Updated: Feb 5, 2021
There is a thriving secondhand market for them, they are not single-use and quality brands like Lego last for generations, so what is the problem?
Over 400 million toys are sold by the UK toy industry each year. 90% of them plastic and unrecyclable. Toys are the most plastic-intensive industry globally and therein lies the root of the problems.
We are not a completely plastic-free toy household; its pretty hard to be, with plastic a pervader of society and consumerism so we have some 'exceptions'. But despite allowing some plastic toys into our home, I try and avoid them as much as we can. Here's why.
1. I refuse to buy flimsy, poor quality and gimmicky toys knowing they will end up broken and discarded to the bin. 80% of plastic toys are unrecyclable, so they can only end up in landfills or incinerators adding to their environmental footprint. Research by The British Heart Foundation in 2019 found that a whopping 320 million plastic toys within the UK are thrown away every year to be incinerated and turned into climate changing C0₂ emissions.
2. The British Heart Foundation research in 2019 also found that 1 in 3 parents (28%) admit to throwing away toys that are in full working order because their children no longer play with them. This raises the issue of the rate at which plastic toys with limited life-spans and play-value are being consumed for birthdays and holidays, in gift bags at parties, inside cereal boxes and chocolate surprises and meals at fast food restaurants. Then there are seasonal toys for halloween, beach days, Easter and even Valentines day. On top of all that are the arts and crafts materials like glitter and gimmicky products like the dinosaur egg in my last blog post. These types of toys occupy a child’s attention for a short amount of time or for single events, and then get discarded to the bin.
3. I don't trust the CE marks of Chinese made goods unless from a reputable toy maker that highly controls its manufacturing process. An average of 47% of EU toy recalls are due to unsafe chemical risks including baron and asbestos. It's a poorly controlled industry due to the volume entering our shores, meaning I just don't trust the chemical credibility of many plastic toys available on the market. In 2019, 88% of the toys that failed to meet standards came from China.
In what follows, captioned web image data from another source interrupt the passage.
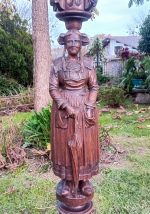 Ancienne paire de sellettes sculptée / Bretagne / n°11617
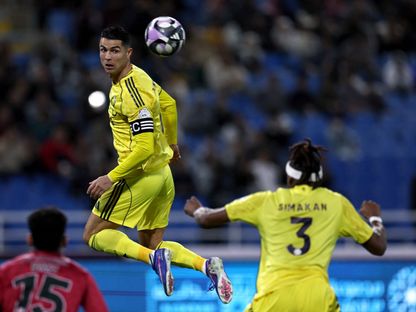 شاهد.. رونالدو يهدر والعليوة يهدد في شوط أول سلبي بين النصر والخلود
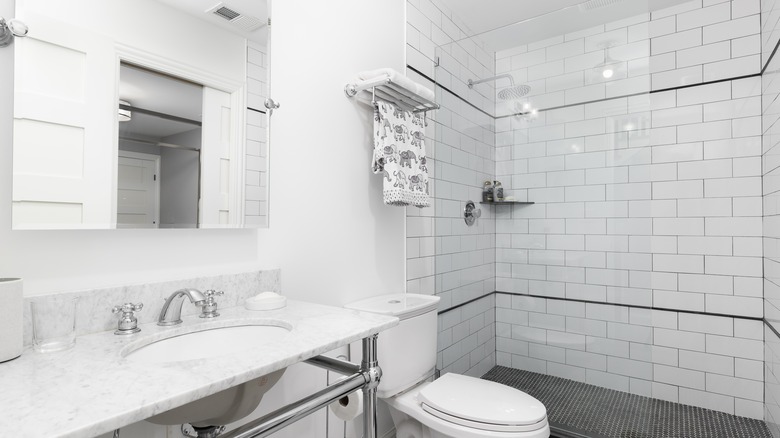 white subway tile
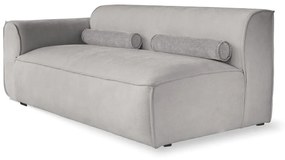 Светлосив модулен диван (ляв ъгъл) Flex Felix – Miuform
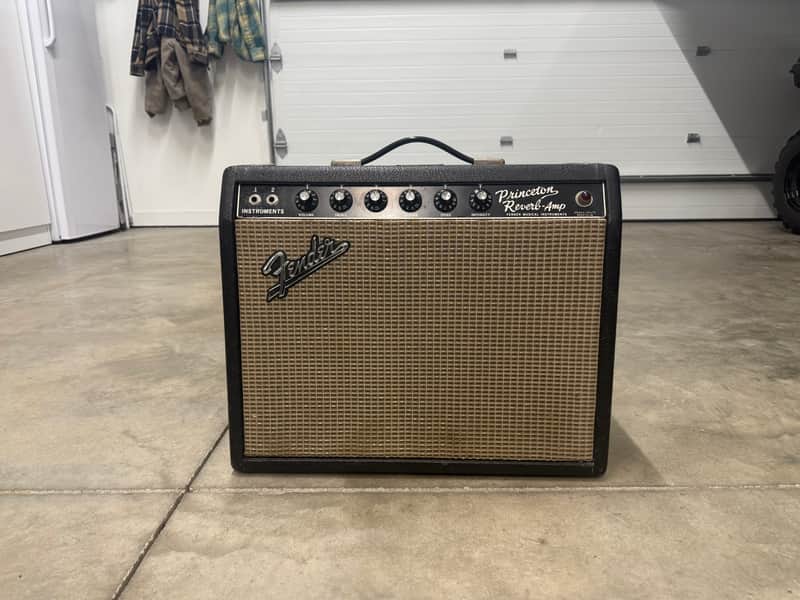 Fender Princeton Reverb 12-Watt 1x10" Guitar Combo 1964 - 1967 - Black Panel image 1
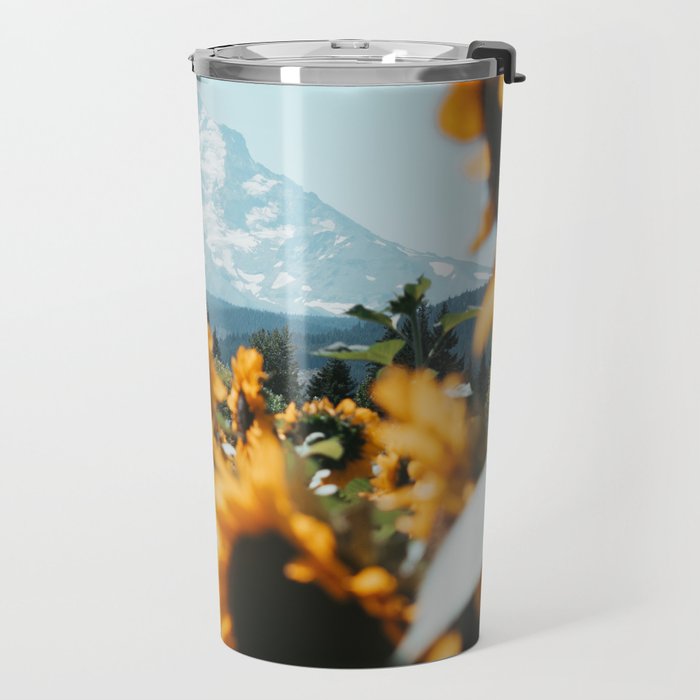Mt. Hood Sunflower Field Travel Mug Gallery Image 2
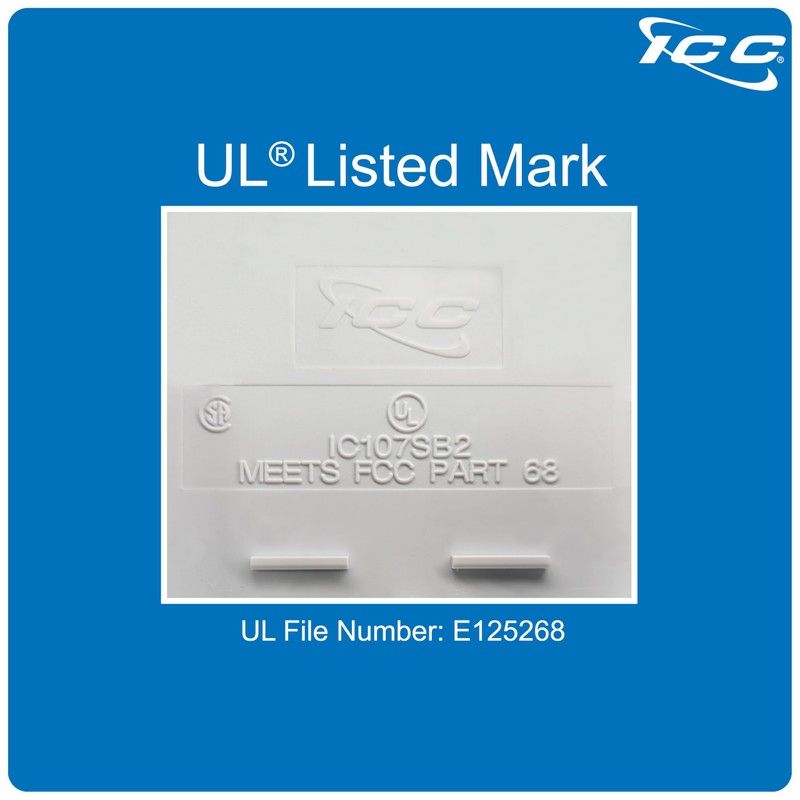 ICC 2 Port Surface Mount Box in White, Works with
Of the plastic toys that were seized at the border for failed safety tests, 92% had the CE mark. A study by Toy Industries Europe (TIE) in 2020 that randomly tested toys from some of the largest selling platforms, found, for example, that bath toys purchased from E-Commerce website Wish, had 321 times the EU-permitted level of phthalates. The regulations designed to protect our children are overwhelmed.
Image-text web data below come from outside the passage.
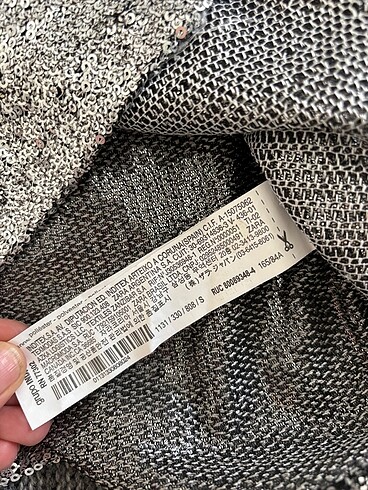 Zara payetli bluz - Görsel 3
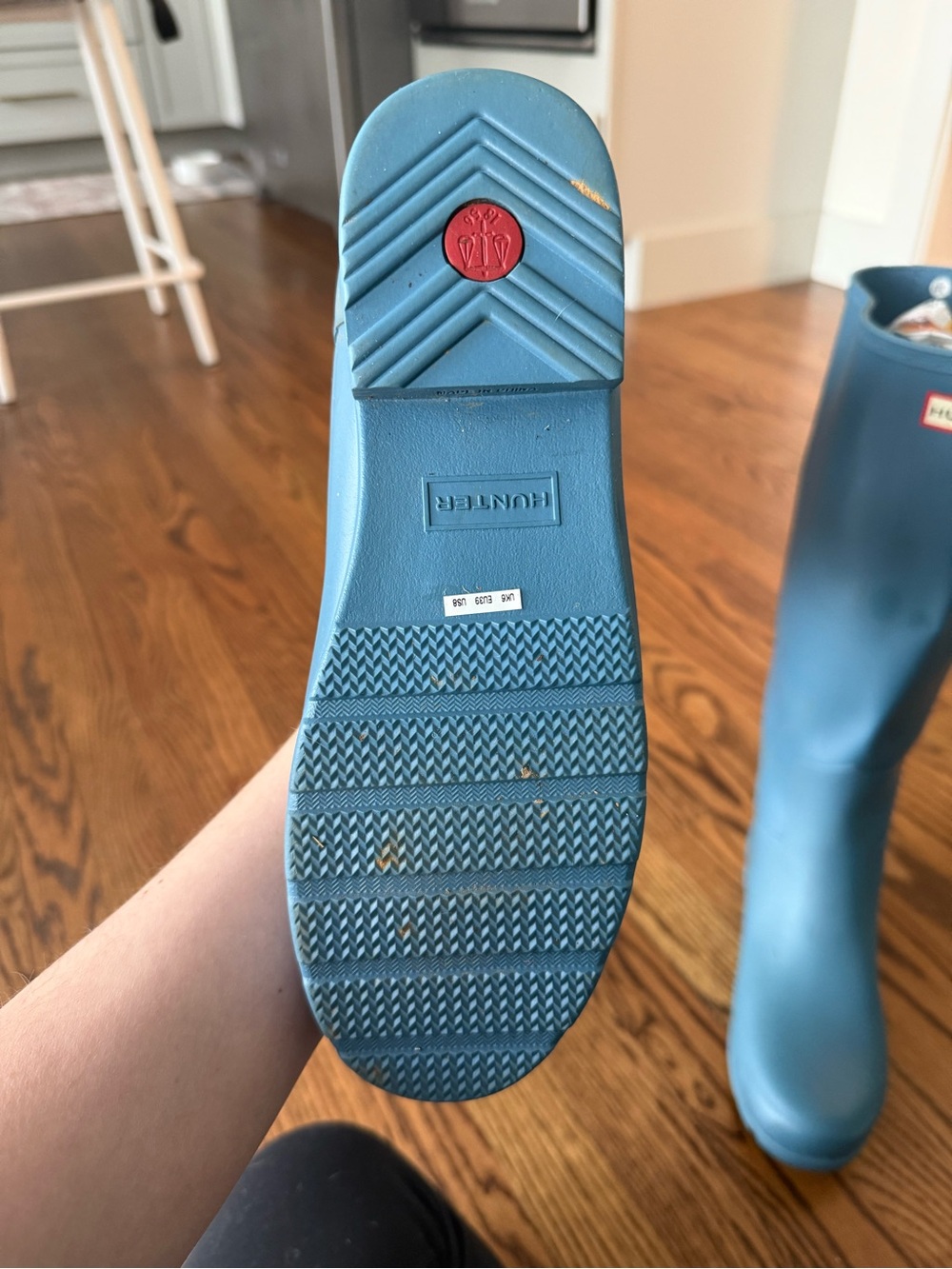 Hunter Women's Tall Rain Boots in Teal Blue - Picture 3 of 7
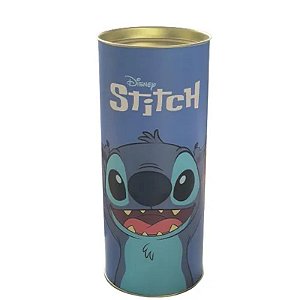 Lata Para Presente Rígida Stitch M 10x24cm - 6 Un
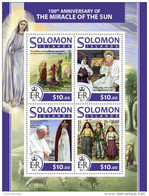 SOLOMON ISLANDS 2017 ** Miracle Of The Sun Sonnenwunder Fatima Miracle Du Soleil M/S - OFFICIAL ISSUE - DH1724 - Christendom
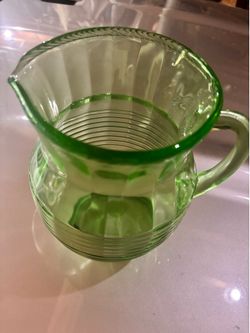 Uranium Glass 2 Liter Pitcher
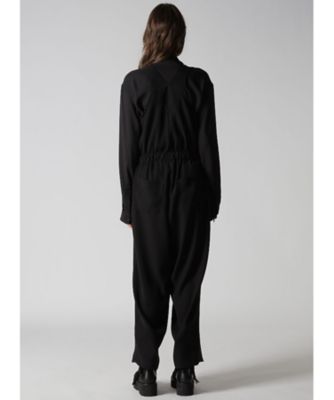 DOUBLE SATIN FRONT ZIP OVERALL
4. Even for toys that conform to the chemical standards, there are still questionable health concerns about the use of certain chemicals needed to make plastic toys that children then absorb through their mouths and skin. Most plastics contain PVC and phthalates which make plastic more flexible and harder to break. These cause endocrine (hormone) disruption in the body and are linked to attention disorders and cancer. Many contain preservatives, which are respiratory irritants linked to asthma and allergies, and Naphthalene and its chemical cousins, polycyclic aromatic hydrocarbons (PAHs) are strongly suspected to cause cancer.
Babies and young children are considered particularly sensitive to chemical exposure for various reasons, including their fast metabolic rate, high surface area to body weight ratio, and fast growth of organs and tissues. Large-scale screening (2019) for chemical pollution in 13 out of 15 EU countries found all children that were tested (aged 6-11), were contaminated with phthalates, on average twice as much as their mothers. Sometimes contamination was much higher, up to 12 times more than their mothers.
5. Then many are made in factories with unethical and unsafe worker conditions. The most recent (2018) NGO investigation found that Mattel, Disney, Schleich, Hasbro and Ravenburger factory workers were being subjected to ‘serious workers rights violations’.
6. According to the Office of National Statistics (2018) the toy market in the UK alone will grow by a further 16.2% by 2022. As the most intensive plastic-use industry that requires petroleum to make them, they are a huge contributor to climate change and damage of our eco-systems that we ultimately will pass on as our legacy to our children through the toys that we give them. If we care about the planet, we need to reduce our purchase of plastic toys and start seeing them as the largest contributor of the plastic-problem.